Figure 7 Results of protein-protein interaction (PPI) analysis and screening of immune-related key genes. (A and B) The PPI network diagram of GSE145227 and GSE26440. The larger the node, the larger the clustering coefficient, indicating that the gene occupies a more important spot in the network. (C and D) Diagrams of hub genes obtained from GSE145227 and GSE26440. The hub genes were the top 20 differentially expressed genes by the Matthews correlation coefficient score of the maximum correlation algorithm. The darker the colour, the greater the proportion of interactions this gene has in the network. (E) The comparison of the hub genes obtained from the two datasets yielded six key genes.
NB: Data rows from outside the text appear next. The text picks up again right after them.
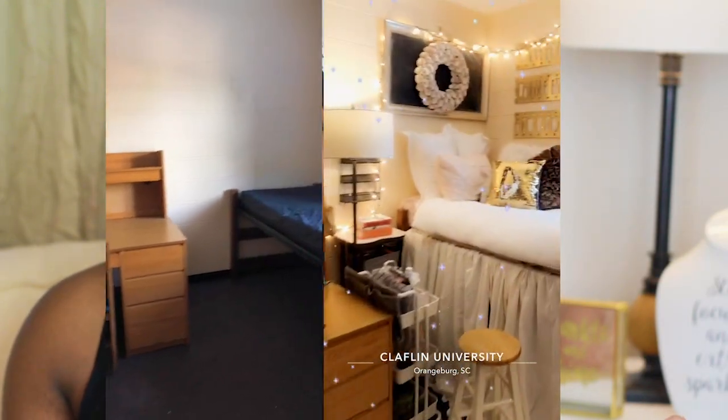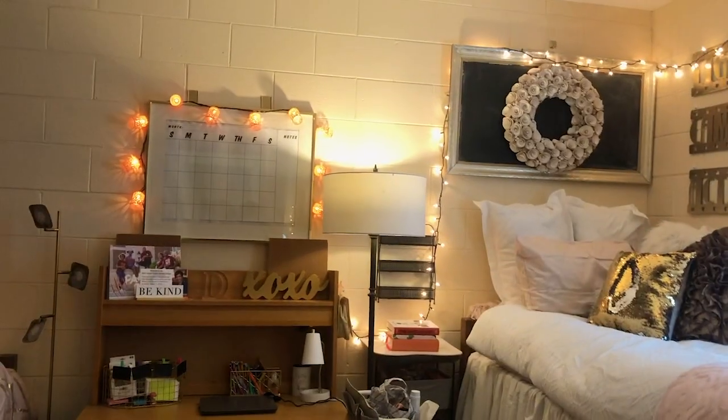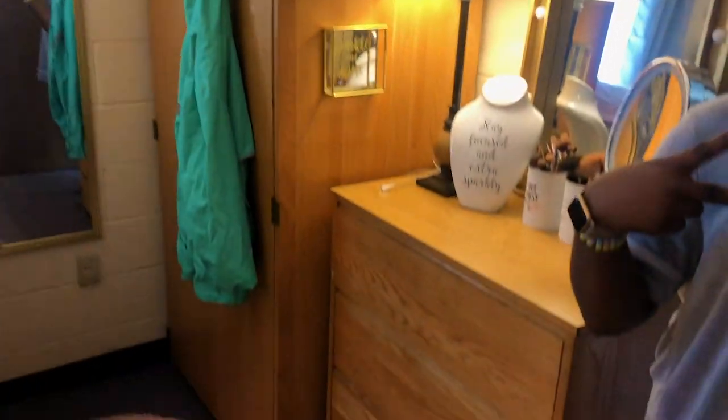Before we jump in, I'm going to insert a quick clip of how my dorm looked my freshman year at Claflin University. I stayed in Kleist Hall and actually had the smaller side of the room. All of the tips I'm sharing are not stuff I found on YouTube — these are hacks I learned throughout the year. Now that you've seen what I was working with, let's get into it.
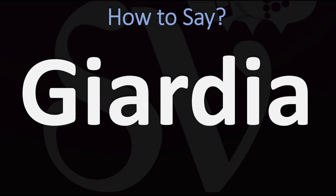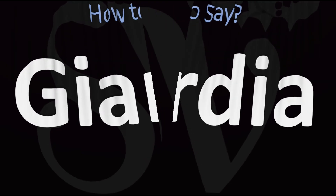How do you say it? Giardia. Pretty straightforward, once you know. Giardia. And now you know.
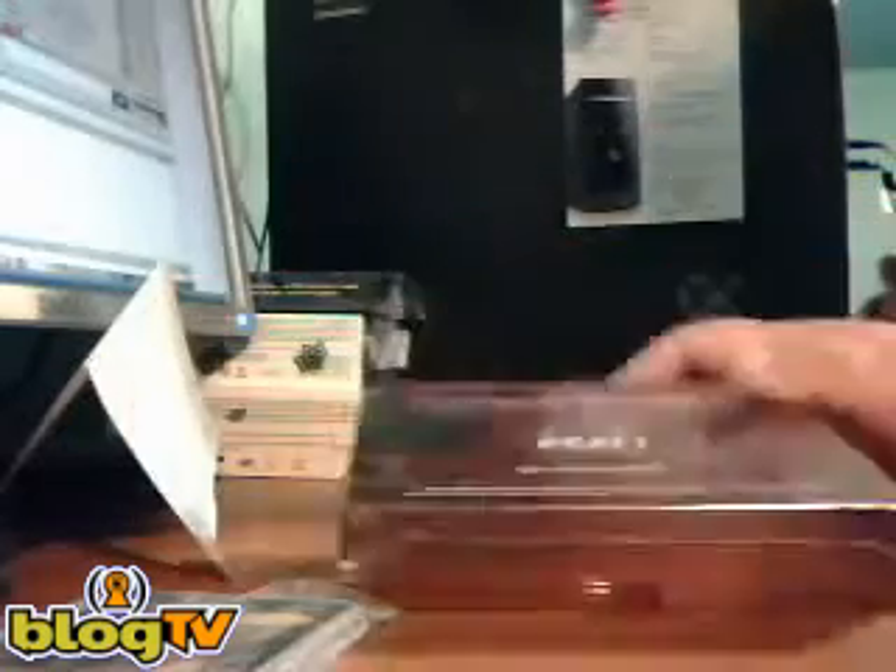Anyway, one box — 2011 Leaf Rookie and Star Draft. Full on-card autographs, all encased. Let's get some mojo in here.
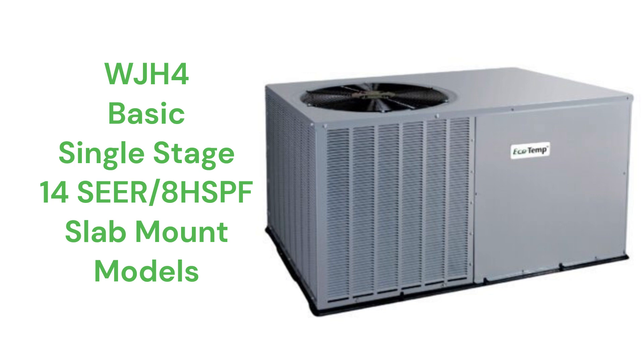The WJH-4 models use louvered panel construction, which is superior for protecting the condenser coil from mechanical damage, while the WPH-4 models use a wire grill, which is less effective.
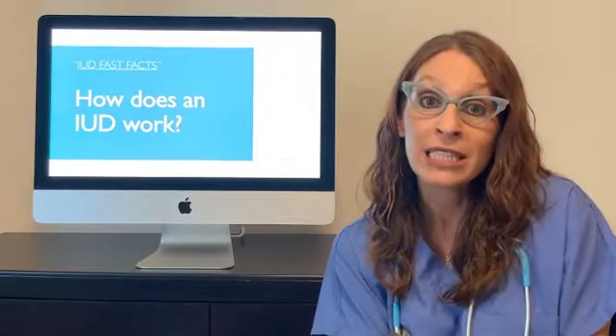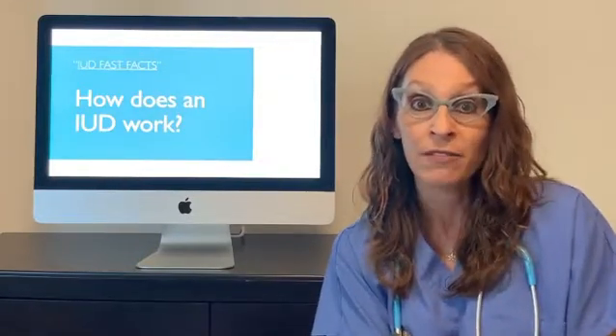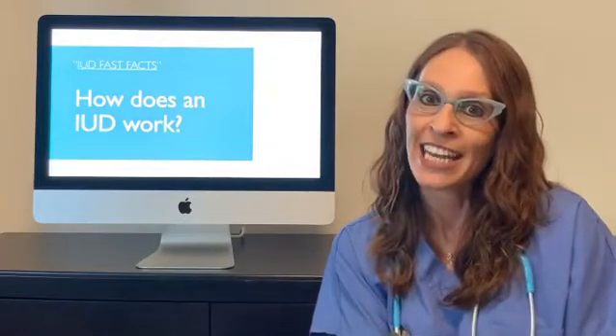For more details on this topic, I'd encourage you to check out my YouTube channel. In video number nine, I talk about all of these issues and how an IUD works. And that was today's IUD fast fact.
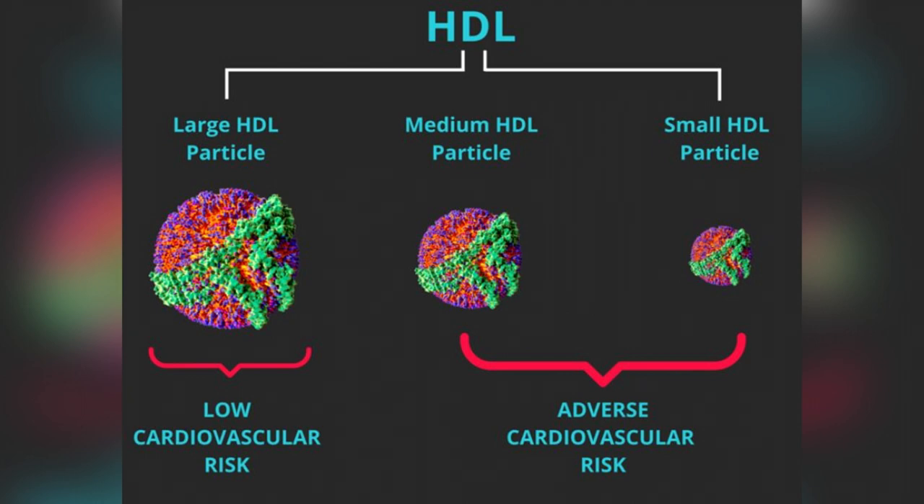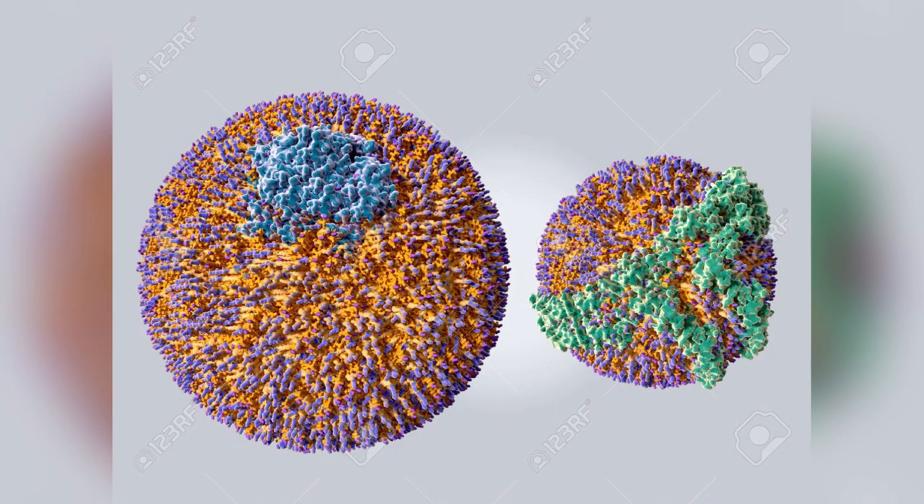There's another marker: HDL size. You want your HDLs to be big. Even if you have a mildly low HDL, if the particles are big, that's really good. HDLs collect cholesterol and take it to the liver for disposal. Small HDLs are like small dump trucks — they can't pack on much cholesterol and aren't efficient at collecting and removing it. But big HDLs, like big dump trucks, can collect more cholesterol, carry it to the liver, and have it removed. So HDL size is also important.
Figure 8 The ability of key genes to diagnose sepsis and the interactions between transcription factors and small-molecule compounds. (A and C) Differences in the expression levels of key genes in the GSE145227 and GSE26440 datasets between the sepsis and normal control groups. (B and D) Receiver operating characteristic curves of the ability of the key genes in the GSE145227 and GSE26440 datasets to differentiate between the sepsis and the normal control group. (E) Network diagram of the interaction between key genes and transcription factors. (F) The network diagram of the interaction between key genes and small-molecule compounds. **P < 0.01, ***P < 0.001, ****P < 0.0001.

Figure 9 Expression of six key genes were compared between controls and septic children by real-time quantitative polymerase chain reaction. Differences between two groups were analyzed using the t-test or Mann–Whitney U-test. *P < 0.05, **P < 0.01, ***P < 0.001.